With its flexibility and a good and well-regulated track record, the ETN has proven over the past decade to be dependable in uncertain market times

Prize asset

When FNB recently mass-listed big-brand single-stock exchange traded notes (ETNs), it shone a new spotlight on them, and it’s easy to understand the appeal. Unlike an ETF, which tracks the performance of an index consisting of underlying assets such as shares, debt or a single commodity, an ETN can track underlying assets that are traditionally difficult for investors to gain access to or are not permitted under the JSE ETF listing requirements.

While this may seem a subtle distinction, there are many other reasons why ETNs are gaining in popularity, as explained by Adèle Hattingh, JSE: Business Development and Exchange Traded Products (ETPs) Manager. ‘There is value investing in both ETFs and ETNs, but it is important to stress the differences. An ETF holds the actual underlying assets that are ringfenced from the issuer, meaning that if something was to happen to the ETF issuer, the ETF would remain intact. It is important that the underlying assets being tracked are sufficiently liquid and, according to the JSE’s listing requirements, may not be derivative instruments. In large transaction sizes, investors may be able to exchange their ETF for the assets that are being tracked, such as the exchange of a Top 40 ETF for the actual Top 40 shares in its various proportions.

‘An ETN, on the other hand, does not allow an exchange for the assets being tracked. Due to this instrument being debt in nature and issued by a bank, investors take on the credit risk of the bank. So if that bank was to become obsolete, the investor would be exposed to the possibility of losing the investment. This, however, is absolutely not a negative; the flexibility of an ETN means that there is more exposure to underlying assets that typically are very difficult or expensive to invest in.’
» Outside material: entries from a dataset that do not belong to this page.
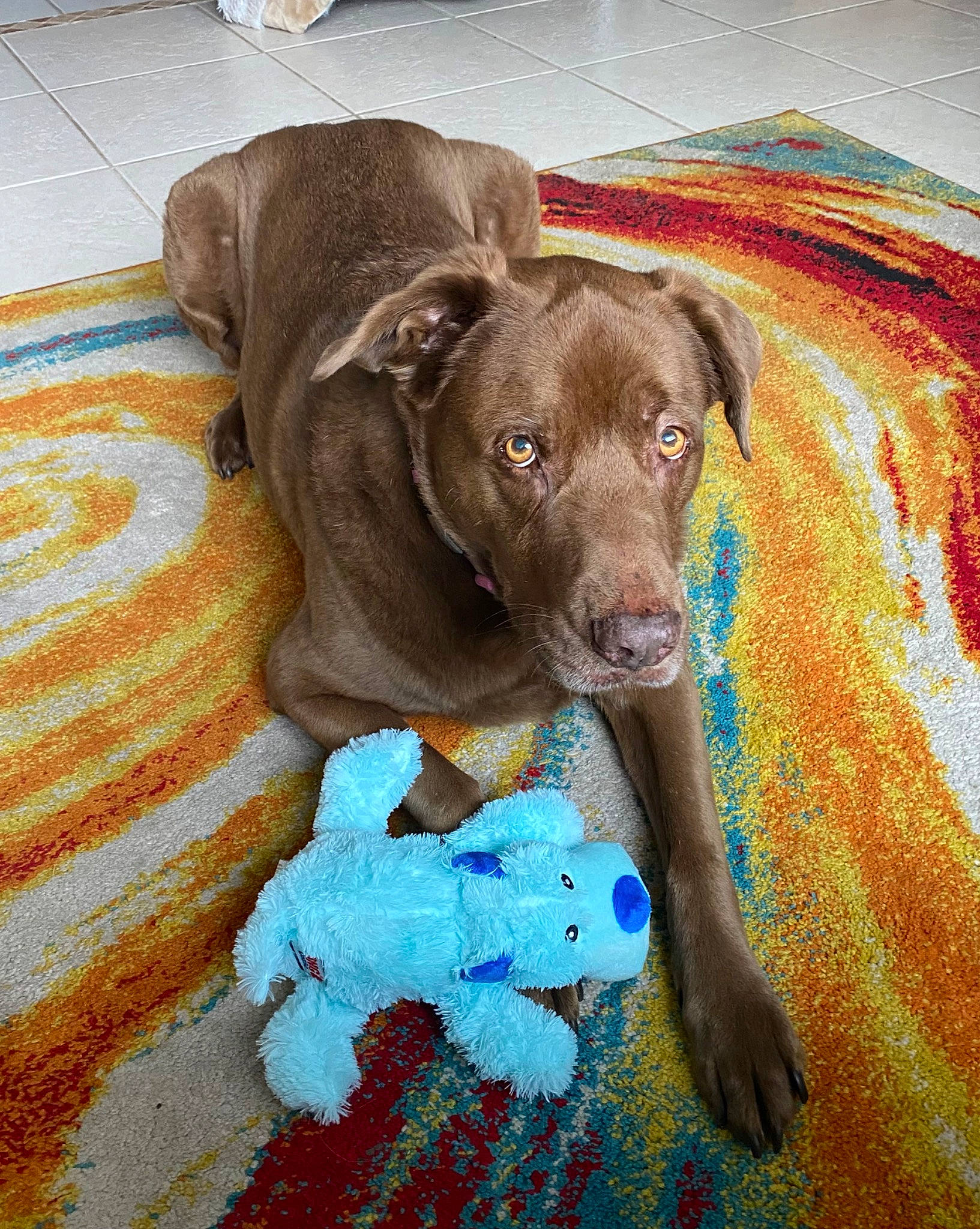 Bunnie joined the competition — help win amazing prizes! borador, canidae, carnivore, collar, companion_dog, dog, dog_breed, dog_collar, dog_supply, electric_blue, fawn, flooring, guard_dog, liver, paw, retriever, snout, sporting_group, tail, working_animal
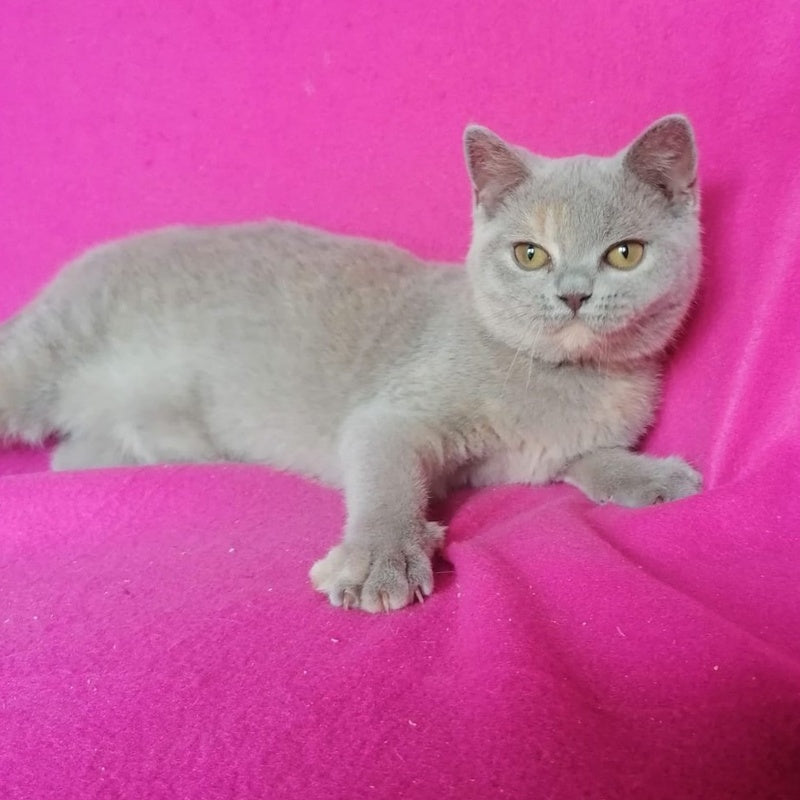 Leona British Shorthair female, lilac tortie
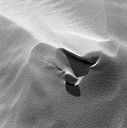 0013-web.jpg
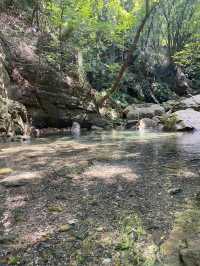 荊門大口國家森林公園湖北周邊隱藏絕美翡翠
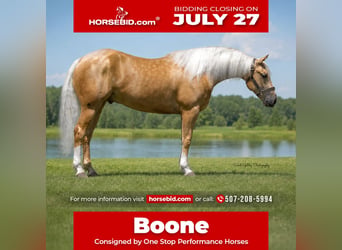 American Quarter Horse, Castrone, 5 Anni, Palomino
Currently the JSE has 65 different ETNs listed, tracking indices – such as the FTSE/JSE Top 40 and FTSE/JSE SWIX 40 – and some are referencing single stocks, for example, Amazon, Apple, Facebook and Netflix. ‘ETN investors also have the option to gain exposure to commodities via commodity futures like corn, wheat, copper and oil. The actively managed certificate ETNs also offer investors exposure to the outperformance of local or global stock portfolios, which can include property stocks,’ says Hattingh.

ETNs typically have a five-year maturity with the option to the issuer to roll over that tenor for another five. Hattingh explains that in the 10 years since ETNs were introduced, listed ETNs have matured and delisted, others have rolled over, and some will only mature in 2042. ‘At maturity the ETN pays the full value of the investment, less management fees. However, investors are not bound to keep their investment until maturity, and may choose to buy and sell when they need to.’

Last year, 40 new ETNs listed on the JSE, with a total market cap at end-December of close to R14 billion, and more than R5.8 billion in value was traded, which is nearly four times what was traded during 2019, according to Hattingh. ‘Low- to no-tracking error keeps issuers’ operational costs low, which also benefits investors’ end returns. And even small amounts can be invested, allowing for monthly debit orders or lump-sum investment.

‘A further appeal is that securities transfer tax is not levied on an ETN,’ she says. ‘However, tax professionals should be consulted to understand impacts applicable to income or capital gains tax.’